The biggest problem that's facing Nintendo right now—and may well be expanding to the rest of the next-generation console line if the numbers don't pick up—is the overall lack of titles in the field. But thanks to significant growth from the indie gaming market, fueled by the HTML5-driven Nintendo Web Framework, Nintendo's comparative drought may be coming to at least something of an end.
Unity, a tool for video game development, architectural visualizations, and interactive media installations, has become an increasingly popular game engine in recent years, offering developers universal compatibility at a low cost. While the Nintendo Web Framework isn't generating quite the number of titles that Unity is—at least, not yet—this HTML5-powered system is potentially set to give Nintendo a much bigger base from which to work.There was even a demonstration on hand of a game that allowed several Mario clones at once to roam an HTML5-powered landscape, giving developers and players alike an idea of just what HTML5 could do in the field.
Some are a little less than optimistic about the Nintendo Web Framework generating a lot of titles for Nintendo, certainly when measured against the opportunities posed by the Unity engine, set to bring around 50 titles into play in the short term.
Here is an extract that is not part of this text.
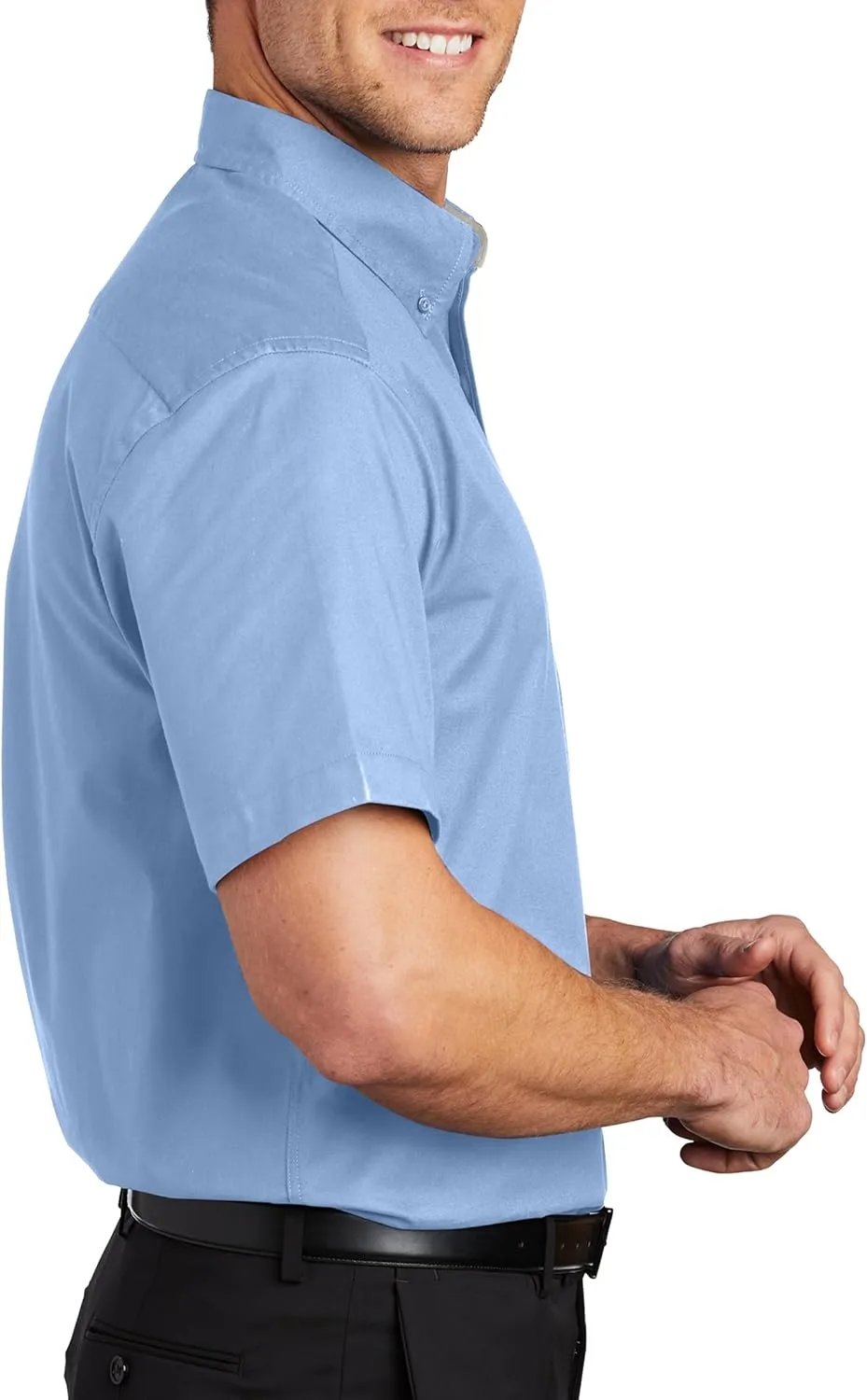 Custom Short Sleeve Embroidered Button Up Shirts for Men Add Your Text Personalized Embroidery Easy Care Shirts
But given that the Nintendo Web Framework can give developers the necessary tools to play games on Wii U using the Wii U Web browser, the idea of a multi-platform port from one round of development becomes not only possible, but somewhat desirable. Consider the recent release of the “Hitchhiker's Guide” game, a former text-based adventure modified using HTML5 to offer graphics as well; that kind of porting could go on, and could bring a whole new class of game to the Wii U and beyond, opening up a new experience and possibly a new gaming market. Throw in the possibility of the retro gaming market—imagine old Sega games on the Wii U—and the possibilities only climb from there.
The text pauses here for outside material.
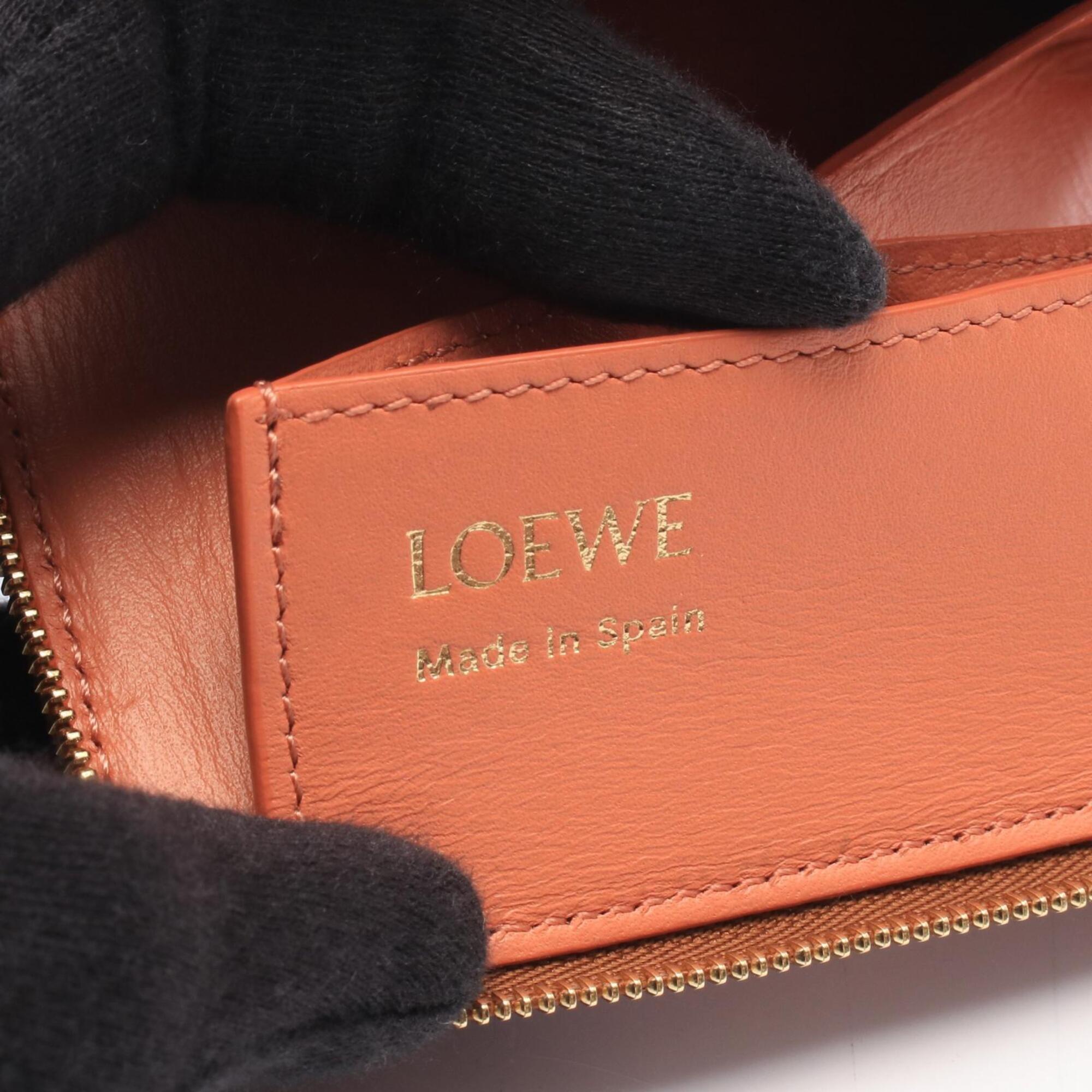 Loewe Brown Pink Leather Coin Purse/Coin Case (Pre-Owned)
When developers can create a game and effectively release it on two or more platforms at once, that's an advantage for the developer. It's a wider install base that the developers get access to, and an improved chance for not only sales in general, but for more sales than without the wider install base. If Nintendo can get games made with the Nintendo Web Framework to also make the jump to Nintendo's portable line, then that only augments the possibilities further. If more developers can get behind the idea of making games for a Web browser, then that opens up significant possibility for cross-platform releasing. The games in question can not only be offered on PC—which is where quite a few people get browser interactions—but also with the Wii U, and potentially with mobile devices, which is a rapidly-swelling market.
Basically, Nintendo needs more games to make the Wii U a viable competitor going forward. While independently-developed games made with the Nintendo Web Framework or even the Unity system may not be what users bought the consoles for, it may well prove to be at least an acceptable appetizer to the main course of triple-A developed games, when those finally start arriving on the beleaguered system. If game developers can embrace the browser game as represented by HTML5, then a multi-platform release may be a much simpler enterprise. HTML5 gaming can bring a whole new class of gaming to the console field, and could result in a new market segment open up: console gamers who also enjoy PC games, but without the PC.